The main thing is it will make people feel like they have more money and thus will spend it and generate tax revenue.
It requires changes in the UK tax system so no personal allowance before tax so you earn a pound and the state gets 30%ish of it in tax & ni but that should be offset with the fact theres no artificial limits on employment so no just doing 16 hours as if you do anymore you lose a mega lump of benefits etc.
Its was worked out that about £70 a week would be doable with no net affect on the system IIRC due to the savings on all the back office and admin that goes around sorting out all the benefits system.
Its not a bad idea and worth a trial somewhere as it may free many more people from the system so they can go out and earn more.
originally posted by: Kali74
a reply to: Davg80
It's related to a conversation that the entire West needs to have. The industrial age is over in the West, it's not coming back. We need something to replace it ...but what and what do we do in the mean time?

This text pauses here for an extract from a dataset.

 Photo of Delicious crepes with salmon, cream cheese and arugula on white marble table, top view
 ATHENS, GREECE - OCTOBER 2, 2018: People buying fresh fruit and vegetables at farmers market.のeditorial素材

Last year, a HUD study found that giving families permanent subsidies, like a housing choice voucher, is more effective in preventing homelessness than other interventions, like short-term rental assistance or temporary housing. It also helps keep families together. A 2014 study from the Central Florida Commission on Homelessness estimated that it cost the state over $31,000 each year for each chronically homeless person, compared to just $10,000 to provide them with permanent housing, job training, and health care.
Using those findings, ending homelessness in the United States would likely require less than 1 percent of next year’s military expenditures.
originally posted by: TheTory
Everyone is worried about having a job but care little about creating jobs for themselves and for others, which is part of the problem. With the rise of automation, we will also see the rise of self-employment and craftsmanship, as machines will be unable to provide that value. A basic wage will only hinder progress such as that.
originally posted by: avgguy
a reply to: Kali74
So how does paying people for nothing solve that? And doesn't that put a higher tax burden on the few with jobs? I seriously don't get it.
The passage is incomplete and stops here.